Published by: Samhain Publishing, Ltd.
Format: Kindle ARC
Reviewed by: Judith
Rating: a sexy addition to the Bend or Break series with a diverse cast of characters, some seriously scorching scenes, and the inclusion of a sport that NEVER EVER gets attention (even though it should because rowers are the most intense, the hottest, the best, the–just trust me when I say they’re the embodiment of so many other superlatives you can’t even imagine it.)
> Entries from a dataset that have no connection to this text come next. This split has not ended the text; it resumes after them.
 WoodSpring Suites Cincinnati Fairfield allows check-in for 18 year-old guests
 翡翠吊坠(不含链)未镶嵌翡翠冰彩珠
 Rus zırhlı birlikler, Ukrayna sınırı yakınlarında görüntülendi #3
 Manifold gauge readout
Plot: When it comes to love, there’s no such thing as smooth sailing.
Rafael Castro is so far out of his element he can’t even see it anymore. Carlisle College in Massachusetts is a long way from his Chicago home, even farther from his Dominican Republic roots. The only thing keeping him attached to his last nerve is the prospect of seeing Denny Winslow again. The first time they met, Denny taught Rafi to fly across the water, rowing hard in a knife-like boat. Now, two years later, on the wings of a rowing scholarship, Rafi is attending Denny’s elite college.
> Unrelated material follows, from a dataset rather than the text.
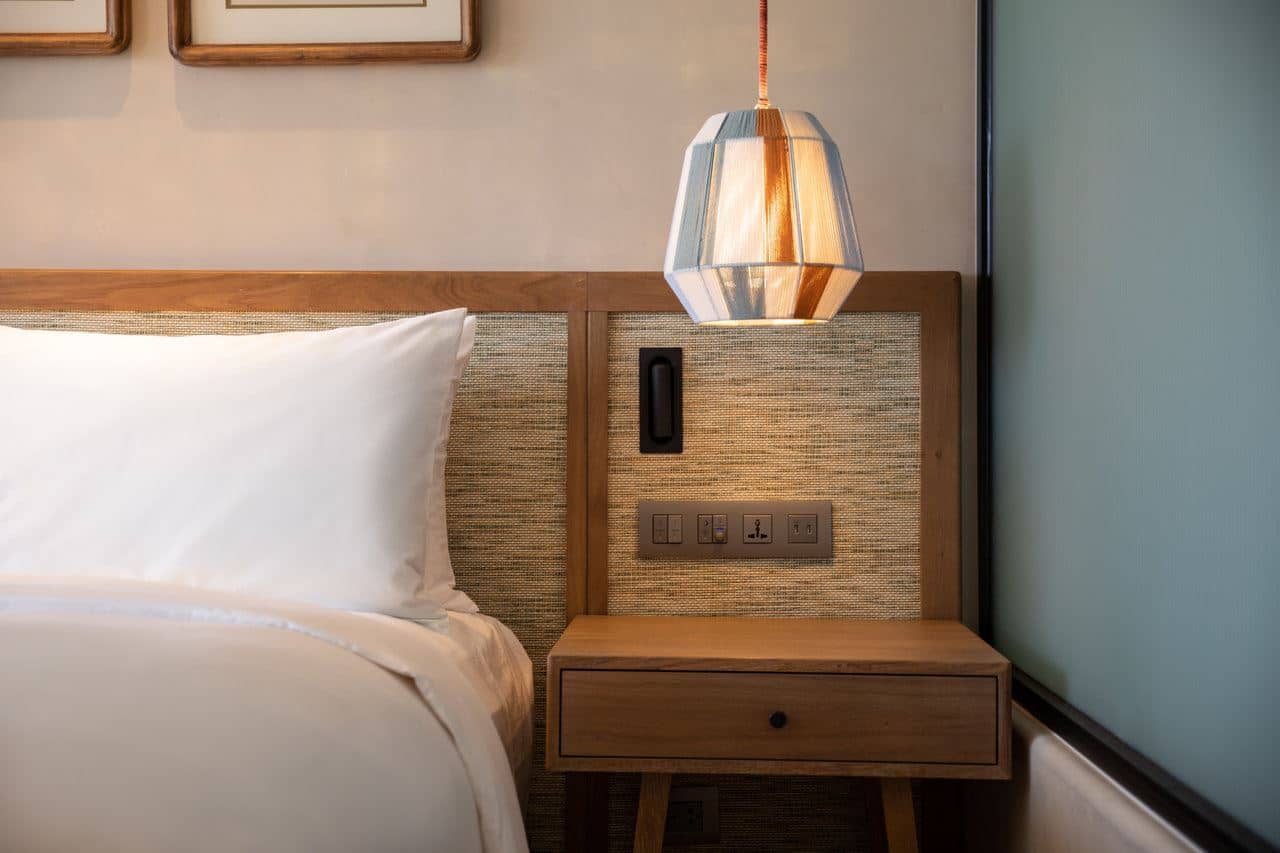 rooms-family-suite-king-bed-and-bunk-bed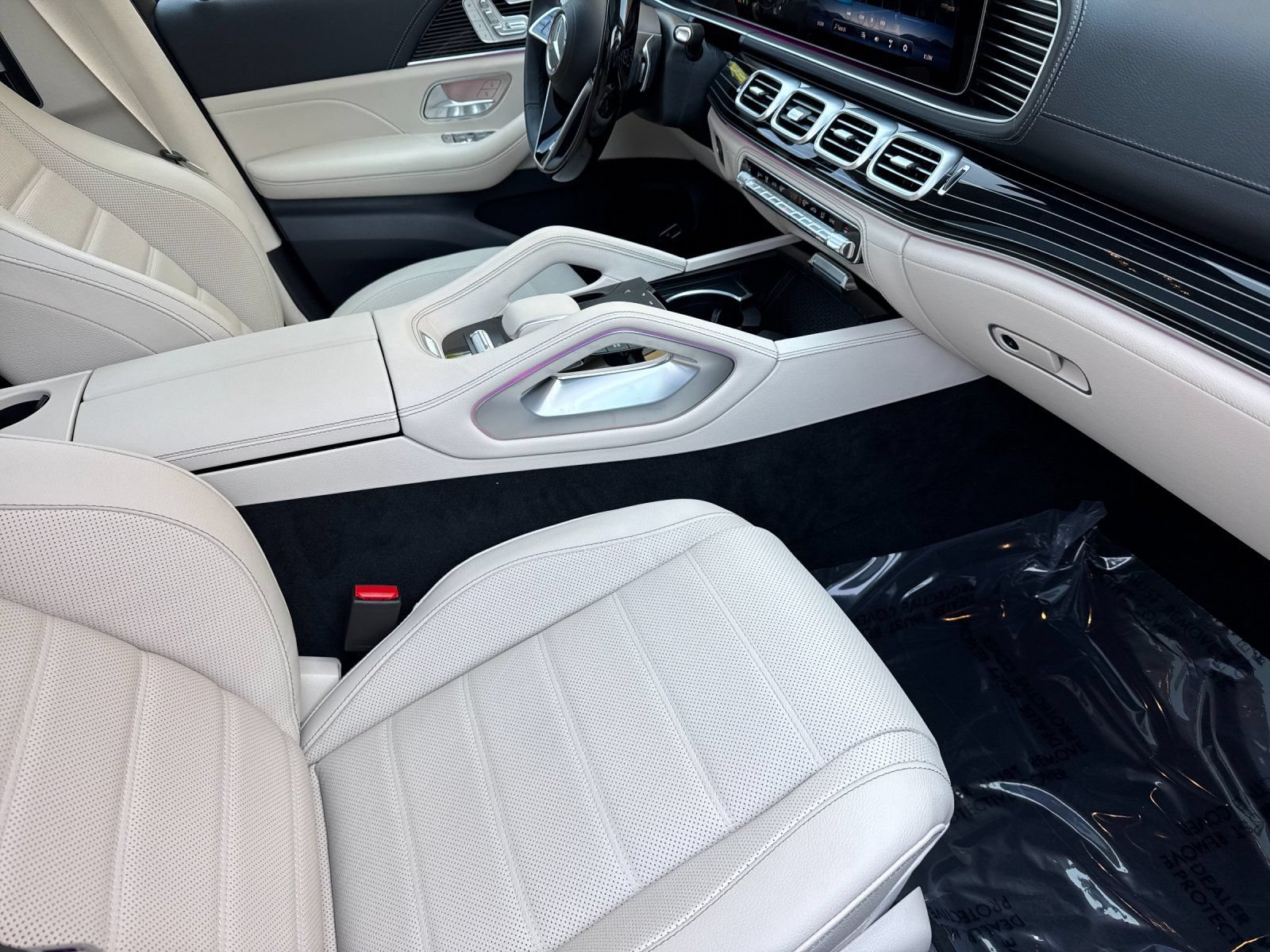 New 2026 Mercedes-Benz GLS 450 4MATIC image 16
Even before the excitement wears off, Rafi is struggling with classes and fending off rumors that Denny’s family, not Rafi’s talent, won him his spot. To quash the gossip, Rafi tries to steer clear of the man he wants. A plan that evaporates in the fire of renewed attraction. But Carlisle’s academic pressure cooker has Rafi barely treading water. And when a family crisis hits, both Rafi and Denny must pull hard to keep their relationship from capsizing in rough waters.
Warning: Contains a surly Dominican-American guy determined to show no weakness, a golden boy who knows his soft spots, some seriously dirty bachata dancing, and an excellent excuse for voyeurism in the locker room.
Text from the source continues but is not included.